Venue: Belvoir St Theatre (Surry Hills NSW), Oct 4 – 16, 2022
Playwright: Grace Chapple
Director: Hannah Goodwin
Cast: Emma Diaz, Raj Labade, Mabel Li, Philip Lynch, Ariadne Sgouros, Adam Sollis
Images by Phil Erbacher
Niamh returns to her hometown in Northern Ireland for Christmas, and finds that all her old friends from school are still there. It is 1987, and there are certainly compelling reasons to go search for greener pastures, but in Grace Chapple’s Never Closer, we explore the nature of human attachments, and what it is that makes us persist, or indeed relinquish. Chapple’s writing bears a generosity that lends a sense of sophistication, to a tale about the difficult decisions that people make. It is intricately considered, with an admirable sensitivity as she navigates some hard subjects, but made palatable by an effortless humour, that keeps the journey amusing.
Direction by Hannah Goodwin leans into the comedy of the piece, relishing in each of its funny details, whilst painstakingly creating for the audience, a realism that makes everything feel authentic and convincing. There are six distinct personalities in Never Closer, all of whom are made believable and endearing by Goodwin’s uncompromising approach, of making each moment count.
It is a splendid ensemble cast that tells the story, with an incredible chemistry that makes all that they offer up, feel meaningful and true. Mabel Li demonstrates great versatility as Niamh, seamless in the way she blends the comical with the earnest, in a show that really succeeds in being tender and hilarious both at once. Adam Sollis is charged with the responsibility of instigating some very bombastic drama, as Connor, which he accomplishes with a natural ease. Emma Diaz as Deirdre and Raj Labade as Jimmy, deliver nuances throughout, that seem subtle yet are palpably moving. Philip Lynch as Harry and Ariadne Sgouros as Mary, are bold with their desire to make us laugh, and they never miss a beat.

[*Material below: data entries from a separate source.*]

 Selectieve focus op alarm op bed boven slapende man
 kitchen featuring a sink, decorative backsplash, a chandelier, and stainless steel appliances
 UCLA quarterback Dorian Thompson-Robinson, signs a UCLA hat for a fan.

Stage design by Grace Deacon takes us decades back in time, impressive particularly with the many smaller household items that look completely to be from a bygone era. Costumes by Keerthi Subramanyam offer a constant reminder that the story is of a time past, even if the characters feel so present and intimate. Phoebe Pilcher’s lights and Alyx Dennison’s sounds, work quietly to manufacture a familiar domestic environment, but are certainly powerful when required to cause a ruckus.

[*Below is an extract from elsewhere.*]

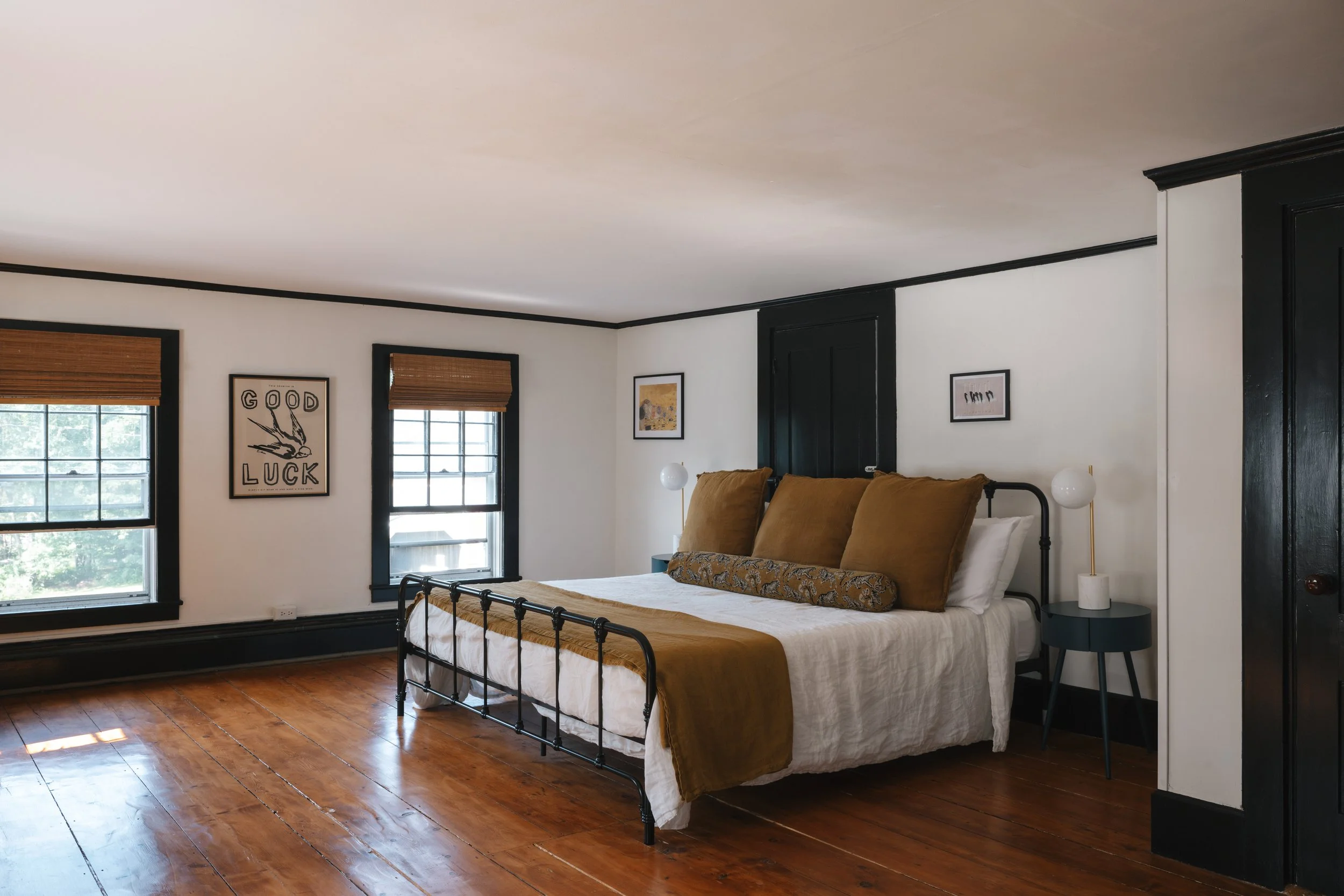 Bedroom with a black metal bed frame, white bedding, large brown pillows, and a decorative pillow, two windows with wooden blinds, wooden floor, black trim, and wall art.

As the saying goes, “the world is your oyster” and for the young, that is especially true. To see Niamh’s friends unwilling (or perhaps unable) to leave home, feels a sad waste of opportunity, but it should probably only be for each individual, to lay judgement on how one’s time on earth is spent. Many have stayed put, and accomplished much. Others have travelled far and wide, and seen all there is. In Never Closer we are shown that not all our destinies are reliant on personal decisions. Often where we go, is animated by circumstance, but only becoming apparent with the passage of time.